Yeah Yeah Yeahs – It’s Blitz! (Polydor)
Three years in the making, It’s Blitz! has been billed as another departure for New York’s Yeah Yeah Yeahs. Upon their inception, only cretins would fail to notice that there was something else evident in the band, something more than rhythms and dances, something more adventurous and characterful that needed teasing out. While The Von Bondies, The Datsuns and The D4 proved their worth and enjoyed comparatively un-notable careers, the increasingly unconventional trio return with an album that shows their work’s culmination. If anything, there’s still room for them to expand and produce something further-reaching, but this is a fine example of a band realising that they are no longer encumbered with the trappings of the pop song, and determined to express that.
Nick Zinner, most of all, has developed into a fine musician and composer, with an ear unrivalled in the muddy world of post-punk revivalism for texture and accompaniment. Throughout It’s Blitz! he is the unwitting focus, with a blank canvas mentality that has no regard for genre – any comparisons to Kraftwerk or Eno or even Radiohead are somewhat useless, because he’s created a sufficiently identifiable milieu of his own. Consequently, because it’s the most sonically dense and inhuman of their records so far, vocalist Karen O has more to do than ever to make this a humanised performance. She is the conduit of emotional delivery, not the bleeps and sweeps behind her. Thankfully, the band’s last two albums have secured her reputation as a leading pop orator, and the likes of Zero (which, in all honesty could have been on the last Girls Aloud album) cement her further. ‘Shame And Fortune’ sees Ms.
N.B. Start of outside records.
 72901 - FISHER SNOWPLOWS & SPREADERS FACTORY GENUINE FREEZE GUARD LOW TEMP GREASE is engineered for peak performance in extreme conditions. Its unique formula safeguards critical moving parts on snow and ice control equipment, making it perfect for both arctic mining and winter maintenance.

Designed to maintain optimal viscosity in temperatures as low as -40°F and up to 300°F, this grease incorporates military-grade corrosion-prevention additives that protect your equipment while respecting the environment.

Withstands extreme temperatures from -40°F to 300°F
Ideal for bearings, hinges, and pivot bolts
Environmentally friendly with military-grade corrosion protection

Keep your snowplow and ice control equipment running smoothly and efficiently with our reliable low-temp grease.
O join the likes of Yuki Chikudate and Satomi Matsuzaki in being vocalists as instruments, Berio-nuanced bringers of precise notation and quirky delivery. Her occasionally barbed lyrics remain, but this is less squealing than it is considered hysteria.
There are ponderous corners that should be acknowledged for their whimsy – the whispering guitar lines in Softshock, for example, are tiny melodic nuggets that could have sustained a far longer song. These ponderous corners often feel as if they could have been improved with expansion. Zinner’s wily guitar rumbles in Runaway signify clearer structural audacity than before, but their menace being tempered and brewed slowly would have been an epic result in terms of entertainment. Strangely, the precious humanity also comes flying back in the resolutely acoustic tom-toms in Skeletons, itself a close cousin of Maps and simultaneously a step into a bombastic future. The synthesized orchestral augmentations sit perfectly alongside the childish vocal and increasingly marching drums, and create as mature an atmosphere as we’ve heard. Similarly, the closing duo of Hysteric (a misleading title) and Little Shadow slow the pace of the album to a crawl, but end it on a resolutely forward-facing note. Plunging watery organs into the ether and climaxing on an atmosphere rather than a specific notion is a bright indicator indeed for the next album, even if it is buoyed by pure pop vocal melodies.
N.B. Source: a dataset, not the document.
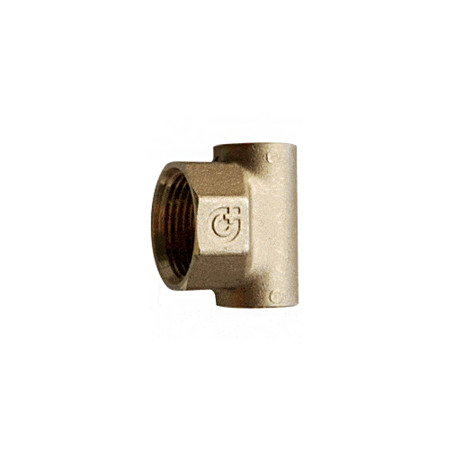 Bouchon laiton femelle avec: femelle et femelle 2 sorties 3/8" 1/2"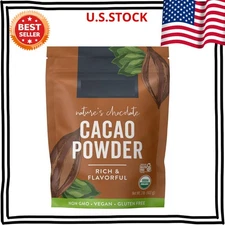 Organic Cacao Powder, Unsweetened, 2 lb (907 g) – Rich Dark Chocolate Flavor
The perceived balancing act between self-indulgence and brevity for entertainment’s sake is one clearly acknowledged by Yeah Yeah Yeahs here, but it’s one that they never needed to consider in the first place. In Nick Zinner, they have an accomplished and improving manipulator of sounds, and in Karen O they have a tumultuous and exhausting focal point. The drummer’s fine too, obviously, and there’s no need for them to operate in the pop world any more. If lessons are learned and certain elements taken forward from It’s Blitz!, then future recordings could well attain the grandiose divinity they touch on here.